◆ **DATASET**:
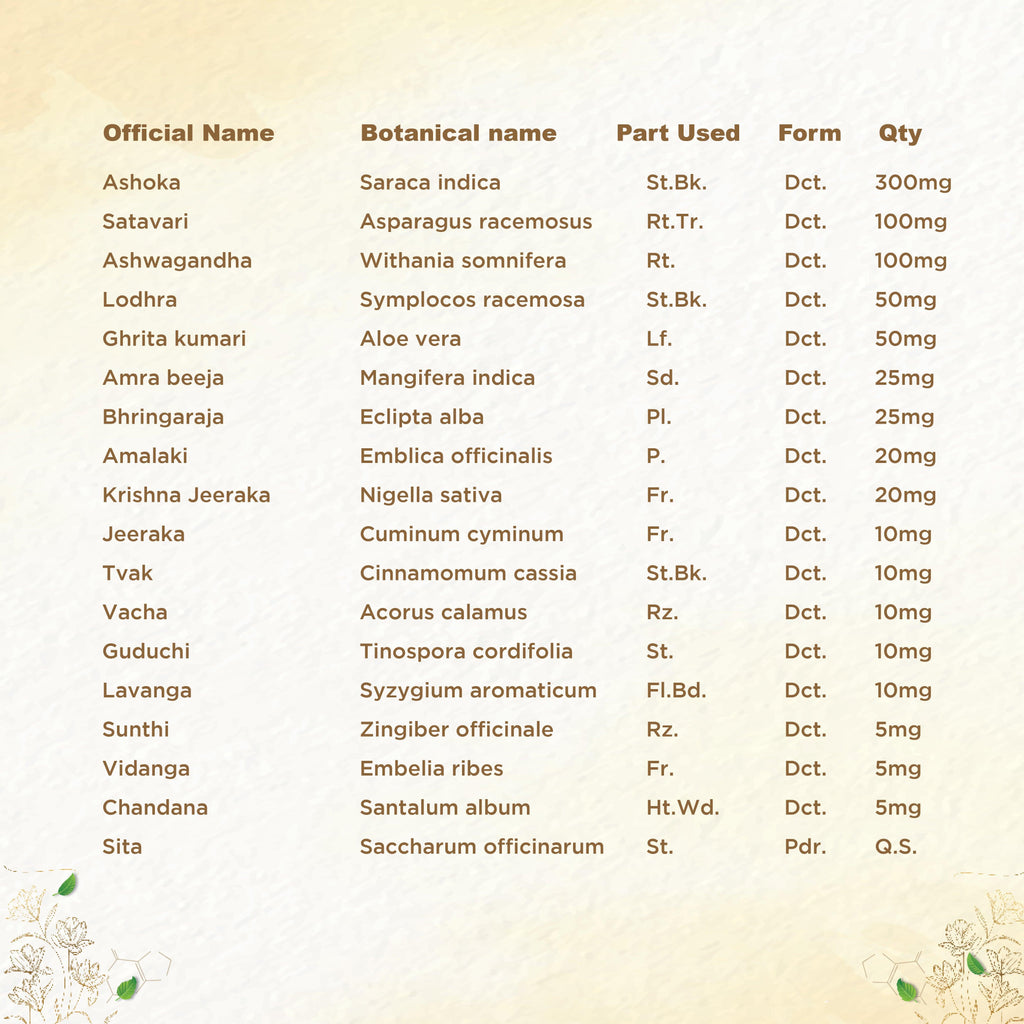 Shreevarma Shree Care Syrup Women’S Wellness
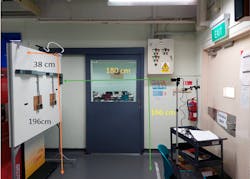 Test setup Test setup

--

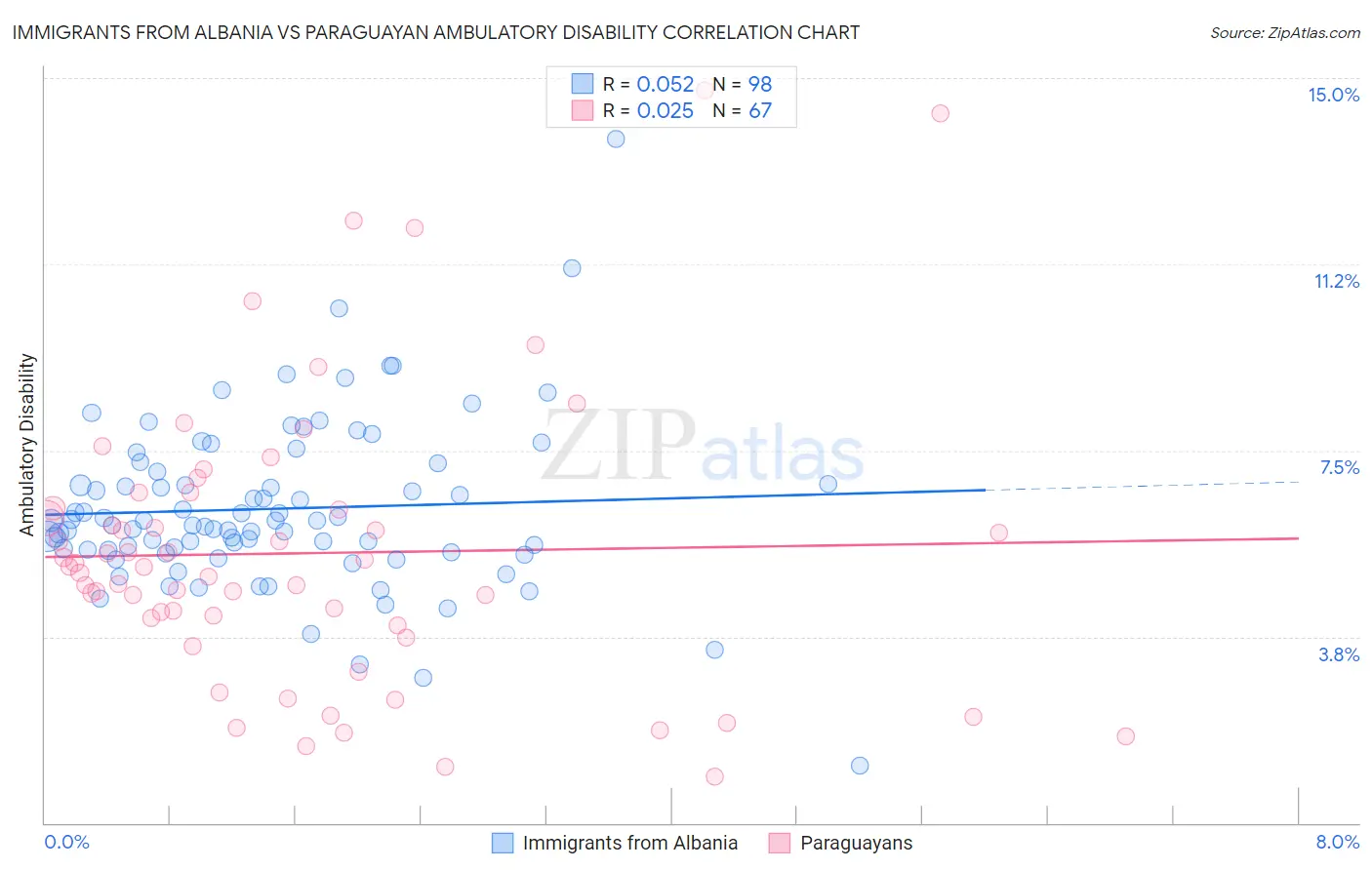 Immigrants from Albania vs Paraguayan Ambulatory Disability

◆ **GOAL OF THE EXERCISE**: Within the listing above, extract exactly the lines that run from the one containing "Shreevarma Shree Care Syrup Women’S Wellness" through the one containing "Test setup Test setup", excluding any pictures.

◆ **REPLY TO THE TASK**:
 Shreevarma Shree Care Syrup Women’S Wellness
 Test setup Test setup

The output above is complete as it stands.